A potentially more explosive leak case unfolded as Manning's court-martial was underway, when Snowden was charged with espionage for exposing the NSA's Internet and telephone surveillance programs.
At his trial, Manning said he gave the material to the secrets-spilling website WikiLeaks to expose the U.S. military's "bloodlust" and generate debate over the wars and U.S. policy.
During the sentencing phase, he apologized for the damage he caused, saying, "When I made these decisions, I believed I was going to help people, not hurt people."
His lawyers also argued that Manning suffered extreme inner turmoil over his gender identity — his feeling that he was a woman trapped in a man's body — while serving in the macho military during the "don't ask, don't tell" era. Among the evidence was a photo of him in a blond wig and lipstick.
Defense attorney David Coombs argued that Manning had been full of youthful idealism and "really, truly, genuinely believed that this information could make a difference."
Prosecutors showed that al-Qaida used material from the helicopter attack in a propaganda video and that Osama bin Laden presumably read some of the leaked documents. Some of the material was found in bin Laden's hideout after he was killed.
Also, government witnesses testified the leaks endangered U.S. intelligence sources, some of whom were moved to other countries for their safety. And several ambassadors were recalled, expelled or reassigned because of embarrassing disclosures.

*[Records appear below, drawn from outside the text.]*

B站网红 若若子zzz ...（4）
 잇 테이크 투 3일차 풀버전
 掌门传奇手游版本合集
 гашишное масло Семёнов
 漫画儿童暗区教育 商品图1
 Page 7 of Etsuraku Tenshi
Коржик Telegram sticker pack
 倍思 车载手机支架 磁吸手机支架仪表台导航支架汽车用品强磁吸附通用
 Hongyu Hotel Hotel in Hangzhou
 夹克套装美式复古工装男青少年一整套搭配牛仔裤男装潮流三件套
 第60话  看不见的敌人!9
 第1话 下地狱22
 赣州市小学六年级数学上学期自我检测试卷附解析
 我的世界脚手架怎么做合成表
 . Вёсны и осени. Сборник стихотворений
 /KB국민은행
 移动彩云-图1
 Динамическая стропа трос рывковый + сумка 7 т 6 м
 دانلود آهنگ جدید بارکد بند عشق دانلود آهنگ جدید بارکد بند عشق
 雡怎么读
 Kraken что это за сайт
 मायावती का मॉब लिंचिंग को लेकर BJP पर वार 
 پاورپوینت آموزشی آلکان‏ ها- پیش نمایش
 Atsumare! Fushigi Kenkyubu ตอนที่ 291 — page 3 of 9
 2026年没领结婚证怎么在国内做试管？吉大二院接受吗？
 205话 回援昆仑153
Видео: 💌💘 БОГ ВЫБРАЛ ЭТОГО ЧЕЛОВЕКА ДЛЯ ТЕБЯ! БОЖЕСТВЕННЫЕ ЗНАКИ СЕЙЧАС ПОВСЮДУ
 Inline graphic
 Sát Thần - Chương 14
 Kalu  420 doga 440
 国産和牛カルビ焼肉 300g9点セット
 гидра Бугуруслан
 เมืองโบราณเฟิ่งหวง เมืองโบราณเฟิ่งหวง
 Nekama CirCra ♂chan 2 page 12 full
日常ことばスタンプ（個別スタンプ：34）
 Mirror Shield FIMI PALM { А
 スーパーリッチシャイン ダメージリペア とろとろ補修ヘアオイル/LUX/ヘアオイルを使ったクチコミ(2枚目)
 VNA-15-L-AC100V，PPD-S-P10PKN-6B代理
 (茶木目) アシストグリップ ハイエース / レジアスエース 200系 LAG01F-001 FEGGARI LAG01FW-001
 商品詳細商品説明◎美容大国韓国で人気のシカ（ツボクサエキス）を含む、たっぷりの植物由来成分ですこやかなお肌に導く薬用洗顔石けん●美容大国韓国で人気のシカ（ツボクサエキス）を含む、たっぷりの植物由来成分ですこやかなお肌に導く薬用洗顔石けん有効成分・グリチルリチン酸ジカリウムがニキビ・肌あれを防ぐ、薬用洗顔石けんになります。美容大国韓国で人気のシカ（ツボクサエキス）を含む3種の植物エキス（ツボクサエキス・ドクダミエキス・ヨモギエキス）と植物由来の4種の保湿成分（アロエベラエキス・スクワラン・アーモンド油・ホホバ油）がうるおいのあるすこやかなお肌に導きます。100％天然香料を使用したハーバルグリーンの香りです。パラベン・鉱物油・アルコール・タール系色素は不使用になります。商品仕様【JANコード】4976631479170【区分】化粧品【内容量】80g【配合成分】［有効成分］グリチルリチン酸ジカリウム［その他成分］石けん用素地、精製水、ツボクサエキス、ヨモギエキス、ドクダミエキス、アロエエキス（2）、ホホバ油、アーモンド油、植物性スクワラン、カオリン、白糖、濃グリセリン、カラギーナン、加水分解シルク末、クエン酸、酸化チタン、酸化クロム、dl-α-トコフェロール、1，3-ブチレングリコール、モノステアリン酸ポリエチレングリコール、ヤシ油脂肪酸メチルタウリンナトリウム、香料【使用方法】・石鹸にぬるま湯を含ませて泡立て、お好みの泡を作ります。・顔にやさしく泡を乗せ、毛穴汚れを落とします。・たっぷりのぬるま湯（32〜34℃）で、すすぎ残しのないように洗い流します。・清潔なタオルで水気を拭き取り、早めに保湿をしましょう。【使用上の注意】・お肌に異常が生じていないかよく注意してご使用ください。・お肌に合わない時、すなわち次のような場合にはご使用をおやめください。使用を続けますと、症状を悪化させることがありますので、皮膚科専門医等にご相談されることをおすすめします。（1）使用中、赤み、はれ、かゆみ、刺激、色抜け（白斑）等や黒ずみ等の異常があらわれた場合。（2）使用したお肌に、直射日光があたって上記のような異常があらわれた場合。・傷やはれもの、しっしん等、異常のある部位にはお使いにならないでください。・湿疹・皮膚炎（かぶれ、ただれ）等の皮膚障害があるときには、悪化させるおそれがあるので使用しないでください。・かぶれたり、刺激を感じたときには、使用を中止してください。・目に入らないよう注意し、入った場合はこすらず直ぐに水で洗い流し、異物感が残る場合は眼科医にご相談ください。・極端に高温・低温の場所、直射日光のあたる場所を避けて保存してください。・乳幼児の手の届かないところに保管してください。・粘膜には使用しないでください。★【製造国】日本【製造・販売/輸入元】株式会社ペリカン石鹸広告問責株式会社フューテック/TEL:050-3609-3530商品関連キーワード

The Obama administration has charged seven people with leaking to the news media, while only three people were prosecuted in all previous administrations combined.
Prosecutors called Manning an anarchist and an attention-seeking traitor, while supporters have hailed him as a whistleblower and likened him to Daniel Ellsberg, the defense analyst who leaked the Pentagon Papers in 1971.
The secret history of U.S. involvement in Vietnam was released to The New York Times and other newspapers in a case touched off an epic clash between the Nixon administration and the press and led to a landmark Supreme Court ruling on the First Amendment.
In a telephone interview after Manning's sentencing, Ellsberg called the soldier "one more casualty of a horrible, wrongful war that he tried to shorten."
"I think his example will always be an inspiration of civil and moral courage to truth tellers in the future," Ellsberg said.
A lawyer for WikiLeaks founder Julian Assange, Michael Ratner, has suggested Manning's conviction could make it easier for federal prosecutors to get an indictment against Assange as a co-conspirator.
But other legal experts said the Australian's status as a foreigner and a publisher make it unlikely he will be indicted.